[Start of section]

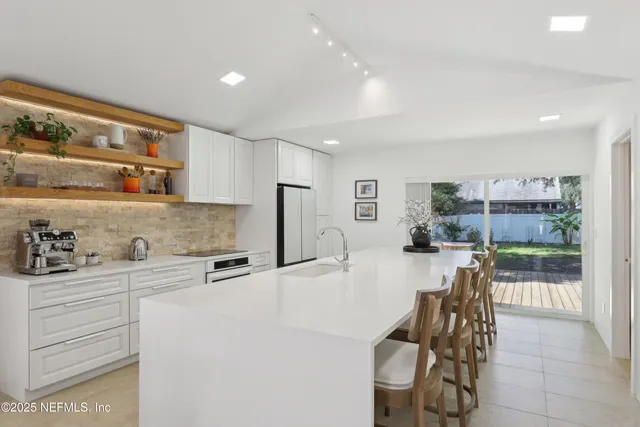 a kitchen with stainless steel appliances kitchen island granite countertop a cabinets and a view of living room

[End of section]
[Start of section]

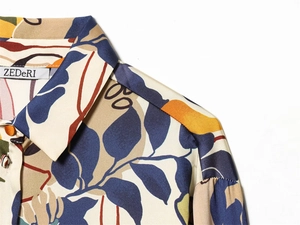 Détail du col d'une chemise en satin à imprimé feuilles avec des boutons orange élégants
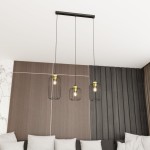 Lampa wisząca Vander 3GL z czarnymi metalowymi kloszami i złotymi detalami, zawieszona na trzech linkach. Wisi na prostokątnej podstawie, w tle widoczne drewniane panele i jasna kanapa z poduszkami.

[End of section]
[Start of section]

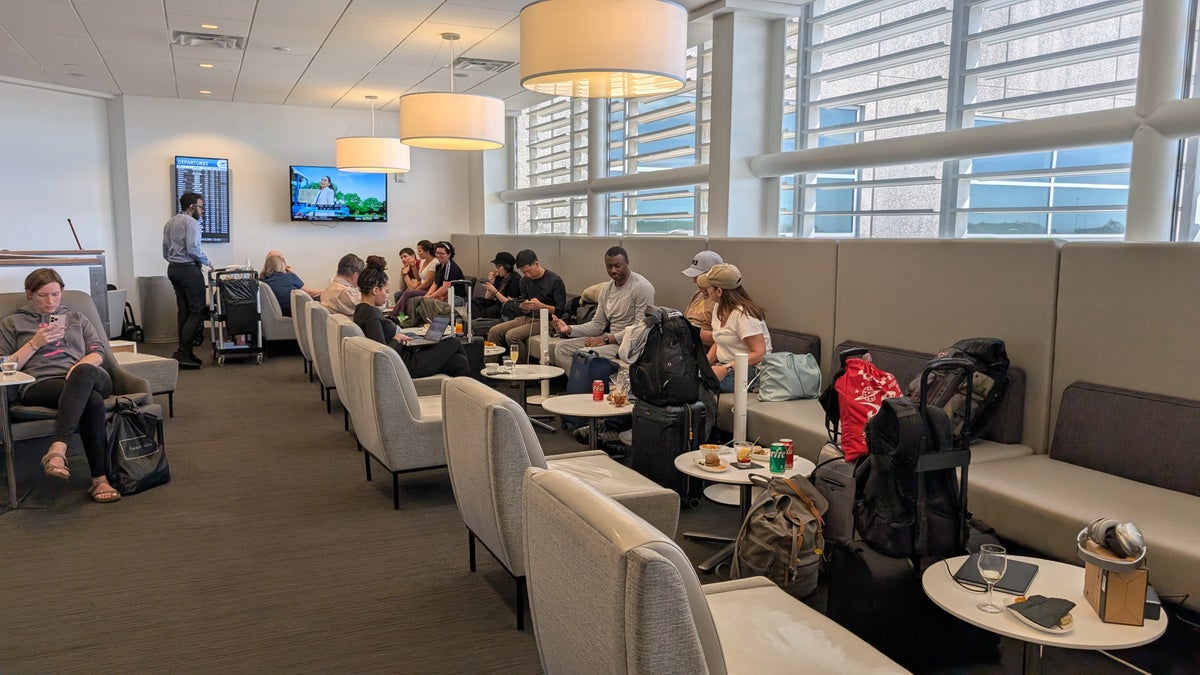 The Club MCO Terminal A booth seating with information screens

[End of section]

**What is expected**
Reproduce, exactly and only, the lines of the records above starting at the line with "Détail du col" and ending at the line with "Lampa wisząca Vander", both included. Leave every picture out.

**Task solution**
 Détail du col d'une chemise en satin à imprimé feuilles avec des boutons orange élégants
 Lampa wisząca Vander 3GL z czarnymi metalowymi kloszami i złotymi detalami, zawieszona na trzech linkach. Wisi na prostokątnej podstawie, w tle widoczne drewniane panele i jasna kanapa z poduszkami.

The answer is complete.